Borgarnes liegt lediglich etwas mehr als eine Fahrstunde nördlich von Reykjavik. Wir haben dort eine Unterkunft gebucht, weil es der ideale Ausgangspunkt für mehrere verschiedene Aktivitäten ist, darunter auch wieder die Möglichkeit zu einer Gletscherbesteigung. Da wir diese jedoch bereits im Süden gemacht hatten, verwendeten wir die Zeit lieber für eine Umrundung der Halbinsel Snaefellsnes im Nordwesten. Diese wird von vielen Leuten als „Mini-Island“ bezeichnet, weil sie auf relativ kleinem Raum alle Klimazonen Islands beherbergt: von Gletscher bis Strand, von Vulkanen bis zu fruchtbaren Ebenen ist alles vorhanden. Nachdem wir in den letzten Wochen bereits die „grosse“ Variante von Island gesehen hatten, konnte die Halbinsel bei uns nur mässigen Eindruck hinterlassen. Begeistert haben uns lediglich die schwarzen Sandstrände, welche schneebedeckt waren und an deren Riffen sich imposante Wellen brachen, sowie ein kleiner Abstecher auf einer „richtigen“ Bergstrasse, wo selbst mit unserem Offroader nach ca. 4 Kilometern aufgrund des tiefen Schnees an ein Weiterkommen nicht mehr zu denken war. Und ja: auch hier haben wir die weiter oben beschriebene Gattung junger, leichtsinniger Touristen getroffen, welche mit einem Wohnmobil versuchten, die Strasse zu befahren; wie weit sie gekommen sind, wissen wir nicht, da wir ihnen erst nach dem Umkehren begegnet sind…

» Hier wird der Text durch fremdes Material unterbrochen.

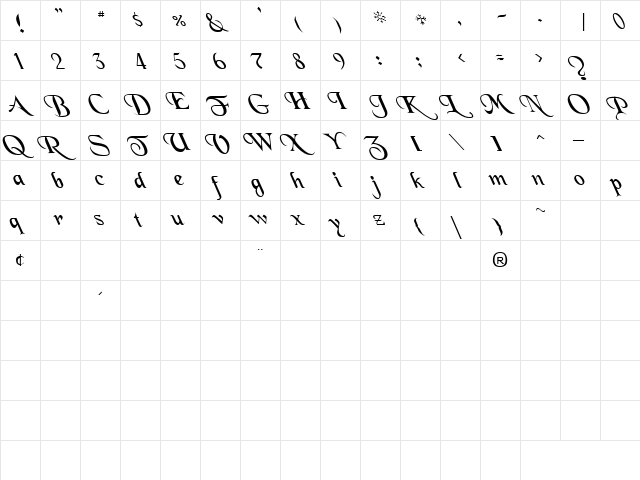 Therapy 1 Regular  glyph index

Der grösste Vorteil der Lage von Borgarnes waren der starke Wind an der Küste, welcher die Wolken immer rasch weggeblasen hat, sowie die begrenzte nächtliche Lichtverschmutzung aufgrund der Distanz zu Reykjavik. Und so kamen wir in den Genuss einer weiteren faszinierenden Nacht mit Polarlichtern. Diese waren so gut sichtbar, dass wir sie sogar im „Hot Tub“ (ein hölzerner Bottich mit heissem Thermalwasser) auf unserer Hotelterrasse noch geniessen konnten.

Leider waren damit schon unsere beiden letzten Tage in Island gekommen: nach einer relativ unspektakulären Fahrt nach Reykjavik – einziger erwähnenswerter Teil ist ein Strassentunnel, welcher tief unter dem Meer einen Fjord durchquert – nutzten wir die verbleibende Zeit ein letztes Mal für die „Aurora-Jagd“ in der Nacht, wobei diese nicht besonders ergiebig war, was erstens an der erheblichen nächtlichen Beleuchtung durch die Lichter der Stadt auch 15 Kilometer ausserhalb von Reykjavik lag und zweitens wohl auch an unserer frühen Rückkehr ins Hotel, welche auf die dutzenden riesigen chinesischen Bustouren zurückzuführen war, die uns gefühlt auf Schritt und Tritt in der Nacht gefolgt sind. An diesem Beispiel konnte man sehr gut erkennen, dass auch die Touranbieter lediglich Wetterkarten lesen und möglichst dunkle Ecken suchen.

So launisch und rau wie uns Island begrüsst hatte, wollte es uns auch verabschieden: für den Mittag unseres Heimreisetages war ein so schwerer Sturm angekündigt, dass zwischen 12:00 und 17:00 sogar die einzige Strasse von Reykjavik zum Flughafen wegen des Windes gesperrt worden ist. Und obwohl die Crew unseres Fliegers die Passagiere beim Einsteigen regelrecht angetrieben hat, war bis zum (sehr holprigen) Start nicht sicher, dass uns die Insel nicht noch etwas behalten würde. Bei Nicola kamen schon Erinnerungen an vergangene isländische Launen der Natur auf, welche die Heimreise massiv erschweren. Glücklicherweise erhielten wir aber trotzdem noch Starterlaubnis und konnten unseren Rückflug mit etwas Verspätung antreten.

Unser Fazit: Island ist eine Insel der Vielfalt und der Überraschungen. Und auch wenn diese nicht immer positiver Natur sind, hat uns das Erlebte mehr als nur dafür entschädigt. Verbunden mit der stetigen isländischen Stresslosigkeit können wir Island als Reisedestination für Naturliebhaber wärmstens empfehlen.